1.5 aylık ayrılığın ardından takımızı desteklemek için tribünde yerimizi aldık. ikinci yarıya 2 deplasman galibiyeti ile başlamanın verdiği mutlulukla maçın başlamasını bekliyorduk. maç başladı etkili olmaya çalışıyorduk ama maç ortadaydı. bursaspor'un ilk etkili geldiği anda ilhan eker'in ceza alanı çizgisinde rakibi önünde düşmesi ve shin'in gerçekten güzel vuruşu ile 1-0 yenik duruma düştük. golden sonra biraz etkili olalım derken çok pas hatası yapmaya başladık ve 2.5 yıldır yan toplarda adam paylaşamama alışkanlığımı devam ettirerek en arkadaki 2 bursalıyı unuttuk ve skor 2-0 oldu... yine bastırmaya başladık derken skor 2-1 olunca biraz heveslendik ama 2. yarı sahada jedinac ve troisi dışında çokda bir şey yoktu. bursaspor ve hakem de maçı yavaşlatmak için ellerinden geleni yapınca maç böyle tamamlandı.

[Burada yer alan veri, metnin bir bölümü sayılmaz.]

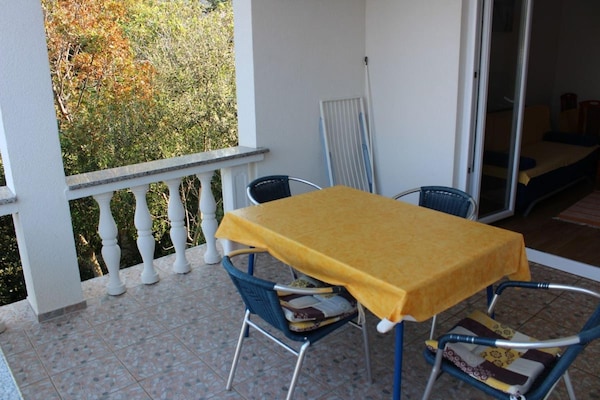 Sv Marija1 Ferienwohnung 7: Aan-zee appartement voor 6 personen in Stara Novalja - thumbnail 4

maçtan önce güzel bir maç bekliyordum ama hem kısır hem etkisiz bir maç oldu. üstte de yazdığım gibi troisi elinden geleni yaptı. hem geriden top aldı, hem top açtı, hem azda olsa pres yapmaya çalıştı vs. mehmet nas -ki bu çok büyük süpriz bizim için- de dahil çoğu topçu vasattı. çok pas hatası yaptık. organize olamadık.

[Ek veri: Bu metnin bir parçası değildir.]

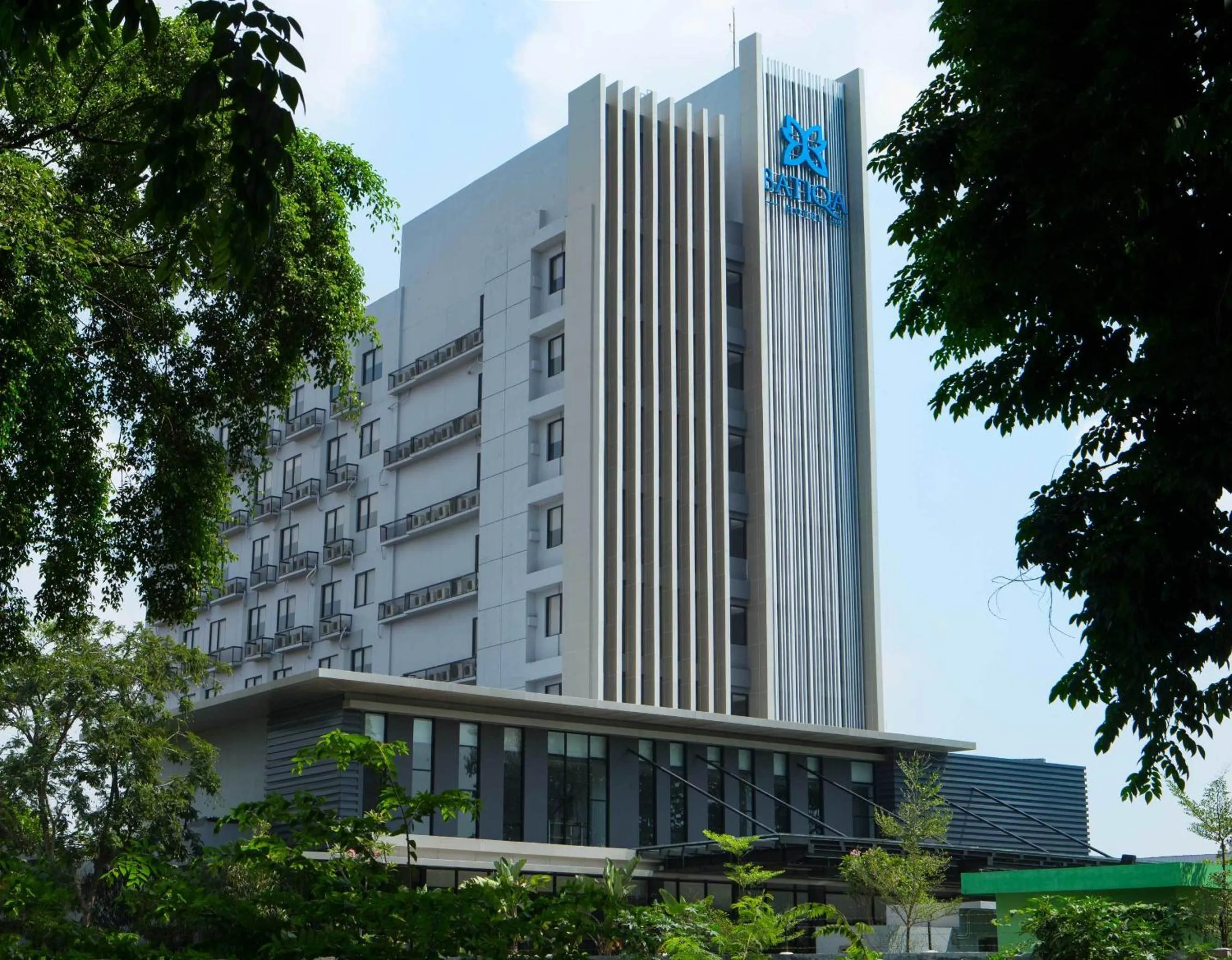 Facade/entrance in BATIQA Hotel Cirebon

jedincak'ı çok beğendim. beklediğimden uzun boylu ve kafa topunda çok iyi. özellikle rakip ataklarında ceza alanında çok top çıkarttı. nerede duracağını biliyor. tekniği de iyi gibi yani zamanla çok daha iyi olacaktır. sol defanstaki jacques momha da aynı şekilde iyi bir transfer. kaleci isailovic'e cok is dusmedi aslında. yanlış hatırlamıyosam sağ kanattan bursanın bir atağı var orada etkili kurtarış yaptı ama onun dışında pek bir şey yoktu. özellikle 2. yarı 60. dakikalarda bile geriden top almayıp sürekli kalecinin ileri şişirmesi ile oynamamız çok saçma idi boş boşuna topu rakibe verdik defalarca...
kısacası kötü bir maçtı bizim için. ama ne yalan söyleyeyim içimde bir umut var. yani iyi olacağız diye düşünüyorum. umarım yanılmam...

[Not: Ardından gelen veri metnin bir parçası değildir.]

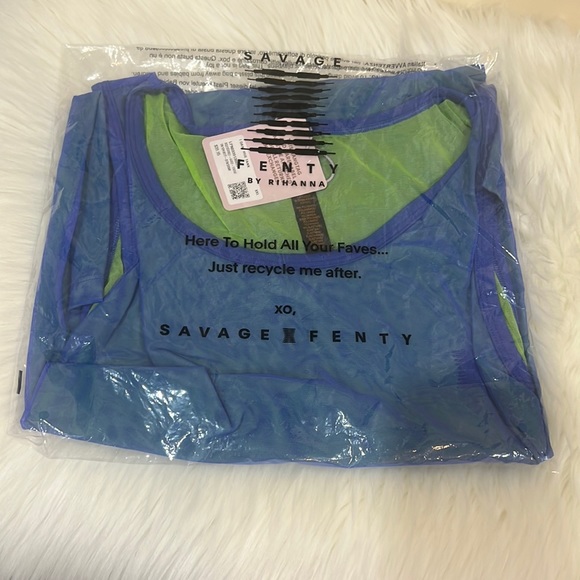 💚I Dare Hue Reversible Sleep Tank - Picture 4 of 8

bir dip not olarak. gençlerbirliği taraftarları olarak koray avcı'nın bize karşı gösterdiği tavrı bir türlü anlayamıyoruz. konya deplasmanında, kocaeli deplasmanında, bu maçta vs kısacası tüm takımın ya da tek tek futbolcuların çağırıldığı hiçbir ses kulak vermedi koray. ya takım tribüne gelirken gidip ayağını bağlıyor, ya teknik direktörün yanına gidiyor ya da duymamazlıktan geliyor. sonuç olarak koray bizim futbolcumuz ama neden böyle bir tavrı var anlamıyorum! sonuçta tribüne küsmenin olacağı son takım gençlerbirliği dir bu nedenle bu davranışta ne yazık ki bir "kompleks" arıyoruz!